■ **PROMPT**:
For each entry that follows, write out an identical copy.

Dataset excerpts

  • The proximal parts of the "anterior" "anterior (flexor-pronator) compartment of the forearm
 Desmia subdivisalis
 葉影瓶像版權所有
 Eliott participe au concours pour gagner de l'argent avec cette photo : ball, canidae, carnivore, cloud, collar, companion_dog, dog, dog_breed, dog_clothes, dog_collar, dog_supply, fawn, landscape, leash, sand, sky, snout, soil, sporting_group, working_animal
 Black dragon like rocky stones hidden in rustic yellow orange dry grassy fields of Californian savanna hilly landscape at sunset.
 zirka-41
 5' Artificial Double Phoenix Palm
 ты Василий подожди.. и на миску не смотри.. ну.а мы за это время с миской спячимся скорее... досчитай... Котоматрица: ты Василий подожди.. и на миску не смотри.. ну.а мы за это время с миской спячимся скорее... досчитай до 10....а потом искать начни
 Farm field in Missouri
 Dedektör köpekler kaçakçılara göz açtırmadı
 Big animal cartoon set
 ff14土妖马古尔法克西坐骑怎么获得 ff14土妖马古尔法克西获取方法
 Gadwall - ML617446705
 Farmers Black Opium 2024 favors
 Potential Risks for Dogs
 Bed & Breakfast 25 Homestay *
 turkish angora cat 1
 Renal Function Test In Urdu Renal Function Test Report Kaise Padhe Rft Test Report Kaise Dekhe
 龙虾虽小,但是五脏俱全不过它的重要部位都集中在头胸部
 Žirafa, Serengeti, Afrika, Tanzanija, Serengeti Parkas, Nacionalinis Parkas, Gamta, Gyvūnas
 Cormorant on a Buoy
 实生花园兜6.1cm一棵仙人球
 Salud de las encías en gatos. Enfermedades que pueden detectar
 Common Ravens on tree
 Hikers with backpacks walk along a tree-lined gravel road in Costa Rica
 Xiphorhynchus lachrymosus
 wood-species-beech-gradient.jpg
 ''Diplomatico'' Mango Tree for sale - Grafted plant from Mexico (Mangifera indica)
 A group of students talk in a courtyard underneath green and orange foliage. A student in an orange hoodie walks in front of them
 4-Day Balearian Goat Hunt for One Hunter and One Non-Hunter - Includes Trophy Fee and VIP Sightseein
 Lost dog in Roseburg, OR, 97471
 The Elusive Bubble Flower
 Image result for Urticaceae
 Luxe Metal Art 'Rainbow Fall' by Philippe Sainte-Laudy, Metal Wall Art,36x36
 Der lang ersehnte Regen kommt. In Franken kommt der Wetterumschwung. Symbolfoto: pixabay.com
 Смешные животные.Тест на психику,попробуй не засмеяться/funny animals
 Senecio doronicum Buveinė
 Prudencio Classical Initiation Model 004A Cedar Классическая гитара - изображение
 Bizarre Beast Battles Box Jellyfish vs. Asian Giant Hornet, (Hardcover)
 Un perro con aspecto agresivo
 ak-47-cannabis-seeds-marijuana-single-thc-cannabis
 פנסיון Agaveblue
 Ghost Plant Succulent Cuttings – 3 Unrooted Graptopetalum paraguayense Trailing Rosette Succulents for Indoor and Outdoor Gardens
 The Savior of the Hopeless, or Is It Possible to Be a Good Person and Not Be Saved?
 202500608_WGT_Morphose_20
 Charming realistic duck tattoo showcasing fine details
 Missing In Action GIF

■ **RESPONSE TO THE EXERCISE**:
  • The proximal parts of the "anterior" "anterior (flexor-pronator) compartment of the forearm
 Desmia subdivisalis
 葉影瓶像版權所有
 Eliott participe au concours pour gagner de l'argent avec cette photo : ball, canidae, carnivore, cloud, collar, companion_dog, dog, dog_breed, dog_clothes, dog_collar, dog_supply, fawn, landscape, leash, sand, sky, snout, soil, sporting_group, working_animal
 Black dragon like rocky stones hidden in rustic yellow orange dry grassy fields of Californian savanna hilly landscape at sunset.
 zirka-41
 5' Artificial Double Phoenix Palm
 ты Василий подожди.. и на миску не смотри.. ну.а мы за это время с миской спячимся скорее... досчитай... Котоматрица: ты Василий подожди.. и на миску не смотри.. ну.а мы за это время с миской спячимся скорее... досчитай до 10....а потом искать начни
 Farm field in Missouri
 Dedektör köpekler kaçakçılara göz açtırmadı
 Big animal cartoon set
 ff14土妖马古尔法克西坐骑怎么获得 ff14土妖马古尔法克西获取方法
 Gadwall - ML617446705
 Farmers Black Opium 2024 favors
 Potential Risks for Dogs
 Bed & Breakfast 25 Homestay *
 turkish angora cat 1
 Renal Function Test In Urdu Renal Function Test Report Kaise Padhe Rft Test Report Kaise Dekhe
 龙虾虽小,但是五脏俱全不过它的重要部位都集中在头胸部
 Žirafa, Serengeti, Afrika, Tanzanija, Serengeti Parkas, Nacionalinis Parkas, Gamta, Gyvūnas
 Cormorant on a Buoy
 实生花园兜6.1cm一棵仙人球
 Salud de las encías en gatos. Enfermedades que pueden detectar
 Common Ravens on tree
 Hikers with backpacks walk along a tree-lined gravel road in Costa Rica
 Xiphorhynchus lachrymosus
 wood-species-beech-gradient.jpg
 ''Diplomatico'' Mango Tree for sale - Grafted plant from Mexico (Mangifera indica)
 A group of students talk in a courtyard underneath green and orange foliage. A student in an orange hoodie walks in front of them
 4-Day Balearian Goat Hunt for One Hunter and One Non-Hunter - Includes Trophy Fee and VIP Sightseein
 Lost dog in Roseburg, OR, 97471
 The Elusive Bubble Flower
 Image result for Urticaceae
 Luxe Metal Art 'Rainbow Fall' by Philippe Sainte-Laudy, Metal Wall Art,36x36
 Der lang ersehnte Regen kommt. In Franken kommt der Wetterumschwung. Symbolfoto: pixabay.com
 Смешные животные.Тест на психику,попробуй не засмеяться/funny animals
 Senecio doronicum Buveinė
 Prudencio Classical Initiation Model 004A Cedar Классическая гитара - изображение
 Bizarre Beast Battles Box Jellyfish vs. Asian Giant Hornet, (Hardcover)
 Un perro con aspecto agresivo
 ak-47-cannabis-seeds-marijuana-single-thc-cannabis
 פנסיון Agaveblue
 Ghost Plant Succulent Cuttings – 3 Unrooted Graptopetalum paraguayense Trailing Rosette Succulents for Indoor and Outdoor Gardens
 The Savior of the Hopeless, or Is It Possible to Be a Good Person and Not Be Saved?
 202500608_WGT_Morphose_20
 Charming realistic duck tattoo showcasing fine details
 Missing In Action GIF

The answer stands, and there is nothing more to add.